## Activity
Exact reproduction required: the lines below from the line with "Aspen Colorado Desktop Wallpaper" to the line with "DOTLUX - DOTLUX", both ends included, and no others.

Records from a data source
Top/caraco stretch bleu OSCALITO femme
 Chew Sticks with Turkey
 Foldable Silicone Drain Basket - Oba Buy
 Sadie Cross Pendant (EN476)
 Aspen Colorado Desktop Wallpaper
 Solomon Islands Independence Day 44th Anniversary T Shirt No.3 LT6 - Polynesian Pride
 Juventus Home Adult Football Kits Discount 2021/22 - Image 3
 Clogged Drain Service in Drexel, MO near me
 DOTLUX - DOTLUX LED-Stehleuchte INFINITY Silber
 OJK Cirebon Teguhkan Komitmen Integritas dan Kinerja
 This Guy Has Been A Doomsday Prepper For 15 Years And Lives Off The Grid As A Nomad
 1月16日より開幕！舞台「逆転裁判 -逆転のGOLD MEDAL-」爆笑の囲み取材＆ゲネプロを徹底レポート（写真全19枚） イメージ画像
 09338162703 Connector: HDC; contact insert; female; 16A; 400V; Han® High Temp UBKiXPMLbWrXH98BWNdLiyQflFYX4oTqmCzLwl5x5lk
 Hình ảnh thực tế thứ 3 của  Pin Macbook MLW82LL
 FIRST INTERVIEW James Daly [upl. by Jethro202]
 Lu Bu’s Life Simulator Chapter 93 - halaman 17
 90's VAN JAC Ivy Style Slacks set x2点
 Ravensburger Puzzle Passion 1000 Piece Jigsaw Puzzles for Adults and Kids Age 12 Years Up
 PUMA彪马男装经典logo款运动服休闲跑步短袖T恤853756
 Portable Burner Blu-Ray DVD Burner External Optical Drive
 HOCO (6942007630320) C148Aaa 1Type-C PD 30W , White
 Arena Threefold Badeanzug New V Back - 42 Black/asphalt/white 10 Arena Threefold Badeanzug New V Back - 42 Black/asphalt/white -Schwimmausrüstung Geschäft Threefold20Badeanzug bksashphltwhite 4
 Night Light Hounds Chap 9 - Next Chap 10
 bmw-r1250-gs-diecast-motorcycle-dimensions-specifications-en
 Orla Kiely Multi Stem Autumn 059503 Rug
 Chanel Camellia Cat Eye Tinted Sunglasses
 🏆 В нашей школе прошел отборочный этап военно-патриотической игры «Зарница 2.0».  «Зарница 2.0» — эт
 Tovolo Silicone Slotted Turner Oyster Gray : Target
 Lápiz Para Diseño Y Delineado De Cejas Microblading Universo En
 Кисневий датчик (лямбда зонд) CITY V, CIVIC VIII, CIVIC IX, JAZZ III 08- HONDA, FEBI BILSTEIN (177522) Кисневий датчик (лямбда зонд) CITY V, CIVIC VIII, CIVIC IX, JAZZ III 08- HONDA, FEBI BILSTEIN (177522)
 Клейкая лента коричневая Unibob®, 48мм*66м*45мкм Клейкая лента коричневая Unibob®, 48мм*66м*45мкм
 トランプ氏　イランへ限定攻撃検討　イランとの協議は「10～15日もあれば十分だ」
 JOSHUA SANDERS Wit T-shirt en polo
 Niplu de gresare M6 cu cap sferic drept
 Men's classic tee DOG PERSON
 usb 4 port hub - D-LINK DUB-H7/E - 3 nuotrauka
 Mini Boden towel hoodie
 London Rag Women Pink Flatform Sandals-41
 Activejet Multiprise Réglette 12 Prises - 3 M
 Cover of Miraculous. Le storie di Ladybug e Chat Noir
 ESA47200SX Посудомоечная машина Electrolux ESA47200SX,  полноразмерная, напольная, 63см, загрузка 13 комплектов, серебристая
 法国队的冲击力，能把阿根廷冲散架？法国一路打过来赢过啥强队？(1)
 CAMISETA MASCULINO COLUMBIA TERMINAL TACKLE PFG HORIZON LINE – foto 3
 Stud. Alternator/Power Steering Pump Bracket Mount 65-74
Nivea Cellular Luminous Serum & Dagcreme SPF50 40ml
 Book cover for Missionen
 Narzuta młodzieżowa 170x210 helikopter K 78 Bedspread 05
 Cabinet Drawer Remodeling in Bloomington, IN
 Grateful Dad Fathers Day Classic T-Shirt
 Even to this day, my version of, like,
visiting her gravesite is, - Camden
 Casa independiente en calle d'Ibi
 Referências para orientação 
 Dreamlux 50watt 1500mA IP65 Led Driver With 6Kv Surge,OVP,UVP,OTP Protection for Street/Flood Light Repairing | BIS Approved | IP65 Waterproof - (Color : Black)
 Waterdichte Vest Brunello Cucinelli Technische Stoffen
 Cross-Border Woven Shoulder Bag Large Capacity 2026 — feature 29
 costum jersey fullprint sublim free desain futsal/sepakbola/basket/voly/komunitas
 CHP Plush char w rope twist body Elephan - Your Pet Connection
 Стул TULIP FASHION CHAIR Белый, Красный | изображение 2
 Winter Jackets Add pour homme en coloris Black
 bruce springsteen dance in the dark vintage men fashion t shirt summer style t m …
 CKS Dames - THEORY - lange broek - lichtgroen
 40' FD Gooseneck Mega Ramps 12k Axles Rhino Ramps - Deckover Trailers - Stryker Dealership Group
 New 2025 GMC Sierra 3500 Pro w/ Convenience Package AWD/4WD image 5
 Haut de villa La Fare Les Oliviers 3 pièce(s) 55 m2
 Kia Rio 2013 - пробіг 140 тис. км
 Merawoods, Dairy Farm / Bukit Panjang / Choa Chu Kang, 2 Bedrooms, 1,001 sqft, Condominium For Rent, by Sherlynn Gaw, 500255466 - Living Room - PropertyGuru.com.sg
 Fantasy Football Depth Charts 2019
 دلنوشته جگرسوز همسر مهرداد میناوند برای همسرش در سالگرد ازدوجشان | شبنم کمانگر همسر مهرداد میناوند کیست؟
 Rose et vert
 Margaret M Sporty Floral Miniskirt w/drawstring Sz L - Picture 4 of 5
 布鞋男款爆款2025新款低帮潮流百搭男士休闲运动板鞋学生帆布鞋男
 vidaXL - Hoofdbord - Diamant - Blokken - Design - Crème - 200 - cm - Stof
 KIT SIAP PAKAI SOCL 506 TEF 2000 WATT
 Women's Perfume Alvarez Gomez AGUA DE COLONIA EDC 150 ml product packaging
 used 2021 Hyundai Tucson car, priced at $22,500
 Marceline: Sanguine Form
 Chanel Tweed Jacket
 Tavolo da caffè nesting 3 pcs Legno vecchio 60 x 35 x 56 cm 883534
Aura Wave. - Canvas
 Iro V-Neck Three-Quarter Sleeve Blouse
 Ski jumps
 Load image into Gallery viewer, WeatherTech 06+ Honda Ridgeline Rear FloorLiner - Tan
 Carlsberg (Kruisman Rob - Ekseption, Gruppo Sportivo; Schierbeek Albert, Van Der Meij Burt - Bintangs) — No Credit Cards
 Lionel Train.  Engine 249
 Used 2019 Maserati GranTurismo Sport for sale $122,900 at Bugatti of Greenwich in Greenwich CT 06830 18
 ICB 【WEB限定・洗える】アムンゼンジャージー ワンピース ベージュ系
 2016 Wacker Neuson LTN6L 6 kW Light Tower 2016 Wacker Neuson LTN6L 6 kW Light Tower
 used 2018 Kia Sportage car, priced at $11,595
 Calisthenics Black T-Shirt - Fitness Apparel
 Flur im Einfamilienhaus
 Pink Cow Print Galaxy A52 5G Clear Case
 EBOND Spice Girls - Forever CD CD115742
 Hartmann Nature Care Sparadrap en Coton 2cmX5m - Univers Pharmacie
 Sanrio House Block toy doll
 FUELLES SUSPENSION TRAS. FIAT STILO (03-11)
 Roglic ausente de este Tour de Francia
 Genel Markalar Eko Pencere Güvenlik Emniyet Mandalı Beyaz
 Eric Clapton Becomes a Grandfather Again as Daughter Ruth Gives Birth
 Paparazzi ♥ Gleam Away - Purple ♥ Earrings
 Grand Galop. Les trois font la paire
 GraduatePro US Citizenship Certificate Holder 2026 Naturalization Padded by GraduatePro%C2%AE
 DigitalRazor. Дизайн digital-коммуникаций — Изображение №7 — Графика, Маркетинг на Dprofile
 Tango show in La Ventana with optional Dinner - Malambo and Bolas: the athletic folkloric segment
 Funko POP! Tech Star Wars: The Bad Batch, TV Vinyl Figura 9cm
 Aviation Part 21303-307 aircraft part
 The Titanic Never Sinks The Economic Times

## Response
 Aspen Colorado Desktop Wallpaper
 Solomon Islands Independence Day 44th Anniversary T Shirt No.3 LT6 - Polynesian Pride
 Juventus Home Adult Football Kits Discount 2021/22 - Image 3
 Clogged Drain Service in Drexel, MO near me
 DOTLUX - DOTLUX LED-Stehleuchte INFINITY Silber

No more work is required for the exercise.